Betapa tepatnya perumpamaan beliau tentang agama sebagaimana darah dan daging, karena agama yang benar adalah ruh manusia dan intinya. Apabila Islam itu lenyap dari diri seseorang, maka ia seperti bukan lagi manusia yang hidup. Sebagaimana jika manusia telah hilang darah dan dagingnya, dapatkah ia disebut sebagai manusia?
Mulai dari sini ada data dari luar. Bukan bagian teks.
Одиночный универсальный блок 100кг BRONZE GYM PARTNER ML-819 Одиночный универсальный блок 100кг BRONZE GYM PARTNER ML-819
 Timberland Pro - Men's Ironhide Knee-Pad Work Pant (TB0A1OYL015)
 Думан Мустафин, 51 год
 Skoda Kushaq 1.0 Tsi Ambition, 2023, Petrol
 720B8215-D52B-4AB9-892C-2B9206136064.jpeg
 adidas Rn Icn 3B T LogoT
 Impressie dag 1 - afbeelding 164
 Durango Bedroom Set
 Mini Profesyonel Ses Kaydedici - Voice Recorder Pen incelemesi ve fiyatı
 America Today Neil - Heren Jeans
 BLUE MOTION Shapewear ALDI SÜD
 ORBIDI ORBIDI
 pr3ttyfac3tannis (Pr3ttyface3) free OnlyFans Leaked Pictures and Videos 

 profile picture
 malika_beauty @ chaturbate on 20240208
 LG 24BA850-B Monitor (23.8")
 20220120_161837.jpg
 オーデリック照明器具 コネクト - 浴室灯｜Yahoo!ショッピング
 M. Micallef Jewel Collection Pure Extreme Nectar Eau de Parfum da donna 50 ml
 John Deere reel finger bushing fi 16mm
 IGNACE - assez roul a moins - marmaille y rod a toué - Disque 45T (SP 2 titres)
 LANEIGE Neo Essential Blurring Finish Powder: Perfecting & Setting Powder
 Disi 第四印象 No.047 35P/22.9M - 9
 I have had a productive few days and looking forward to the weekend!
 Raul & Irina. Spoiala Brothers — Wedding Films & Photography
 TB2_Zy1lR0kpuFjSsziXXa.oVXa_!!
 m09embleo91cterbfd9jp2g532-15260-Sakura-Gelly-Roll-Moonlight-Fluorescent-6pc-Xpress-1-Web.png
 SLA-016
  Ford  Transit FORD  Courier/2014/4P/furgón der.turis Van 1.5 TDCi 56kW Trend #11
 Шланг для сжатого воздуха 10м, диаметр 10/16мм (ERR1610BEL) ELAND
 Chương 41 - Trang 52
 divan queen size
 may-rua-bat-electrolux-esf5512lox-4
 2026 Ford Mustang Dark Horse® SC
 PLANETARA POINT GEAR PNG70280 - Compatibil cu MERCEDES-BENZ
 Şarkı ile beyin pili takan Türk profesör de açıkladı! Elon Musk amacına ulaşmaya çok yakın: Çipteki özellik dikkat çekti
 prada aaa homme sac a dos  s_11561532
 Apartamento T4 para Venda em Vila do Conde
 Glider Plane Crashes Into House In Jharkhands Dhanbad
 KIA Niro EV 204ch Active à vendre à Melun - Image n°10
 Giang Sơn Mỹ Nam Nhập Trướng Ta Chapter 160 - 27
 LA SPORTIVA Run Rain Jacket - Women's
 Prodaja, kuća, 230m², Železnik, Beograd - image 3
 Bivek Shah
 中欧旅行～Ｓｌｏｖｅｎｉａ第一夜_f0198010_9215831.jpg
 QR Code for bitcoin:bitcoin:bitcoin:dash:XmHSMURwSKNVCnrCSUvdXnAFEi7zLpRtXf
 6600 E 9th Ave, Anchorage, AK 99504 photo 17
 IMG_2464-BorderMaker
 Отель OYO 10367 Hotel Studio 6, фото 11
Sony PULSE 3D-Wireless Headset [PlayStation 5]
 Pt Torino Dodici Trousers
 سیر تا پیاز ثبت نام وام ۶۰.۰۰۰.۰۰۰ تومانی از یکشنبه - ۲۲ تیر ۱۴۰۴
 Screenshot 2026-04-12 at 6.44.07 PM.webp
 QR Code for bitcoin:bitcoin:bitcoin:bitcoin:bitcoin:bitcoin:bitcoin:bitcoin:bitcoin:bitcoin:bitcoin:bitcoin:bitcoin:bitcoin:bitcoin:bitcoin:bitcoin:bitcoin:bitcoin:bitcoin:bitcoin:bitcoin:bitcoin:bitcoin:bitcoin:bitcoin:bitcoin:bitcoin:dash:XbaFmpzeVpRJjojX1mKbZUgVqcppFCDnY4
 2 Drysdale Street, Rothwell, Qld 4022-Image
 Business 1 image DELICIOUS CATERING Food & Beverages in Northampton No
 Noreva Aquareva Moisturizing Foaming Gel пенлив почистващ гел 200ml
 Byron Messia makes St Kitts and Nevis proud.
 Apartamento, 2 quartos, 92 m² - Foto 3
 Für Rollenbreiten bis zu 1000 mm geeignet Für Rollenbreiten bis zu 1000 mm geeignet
Seorang muslim yang telah menjadikan Islam sebagai darah dagingnya, hidupnya tak bisa dipisahkan dari Islam. Seluruh aktivitasnya tak bisa lepas dari bimbingan Islam. Ini sesuai dengan petunjuk Nabi shallallahu alaihi wasallam, “Ra’sul amri al-Islam, pokok dari segala urusan adalah Islam.” Memandang apapun, melihat dari sudut pandang Islam, bukan yang lain. Baik baginya adalah apa yang dianggap baik oleh Islam. Buruk baginya adalah apa yang buruk dalam sudut pandang Islam, meksipun kebanyakan manusia berpendapat sebaliknya.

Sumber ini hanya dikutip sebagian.